**YOUR ASSIGNMENT:**
For the data below, report the number of lines that contain the string "Sierra" and nothing else.

**DATA SECTION:**
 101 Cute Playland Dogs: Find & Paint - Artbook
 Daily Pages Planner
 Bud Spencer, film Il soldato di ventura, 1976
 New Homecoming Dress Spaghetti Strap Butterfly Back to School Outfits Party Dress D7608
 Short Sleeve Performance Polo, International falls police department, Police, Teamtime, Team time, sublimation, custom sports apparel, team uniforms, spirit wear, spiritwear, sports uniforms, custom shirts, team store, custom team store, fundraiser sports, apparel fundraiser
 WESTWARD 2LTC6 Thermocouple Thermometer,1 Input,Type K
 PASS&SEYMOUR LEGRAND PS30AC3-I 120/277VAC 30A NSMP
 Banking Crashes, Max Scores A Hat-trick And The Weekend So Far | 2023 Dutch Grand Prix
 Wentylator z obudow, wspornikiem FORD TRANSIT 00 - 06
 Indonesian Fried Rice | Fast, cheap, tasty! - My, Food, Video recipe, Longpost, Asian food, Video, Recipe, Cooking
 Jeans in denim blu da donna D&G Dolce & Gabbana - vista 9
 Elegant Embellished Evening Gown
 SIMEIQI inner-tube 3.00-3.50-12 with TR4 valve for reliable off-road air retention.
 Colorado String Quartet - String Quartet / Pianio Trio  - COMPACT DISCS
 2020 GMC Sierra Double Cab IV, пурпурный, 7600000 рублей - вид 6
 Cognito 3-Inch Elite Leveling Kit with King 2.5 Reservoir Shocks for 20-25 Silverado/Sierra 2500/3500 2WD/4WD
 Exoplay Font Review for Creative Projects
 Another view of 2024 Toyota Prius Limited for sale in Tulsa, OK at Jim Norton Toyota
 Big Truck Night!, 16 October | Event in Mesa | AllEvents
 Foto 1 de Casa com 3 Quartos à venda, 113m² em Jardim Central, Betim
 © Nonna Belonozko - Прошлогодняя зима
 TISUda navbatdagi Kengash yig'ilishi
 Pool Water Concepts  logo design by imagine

**RESPONSE BOX:**
2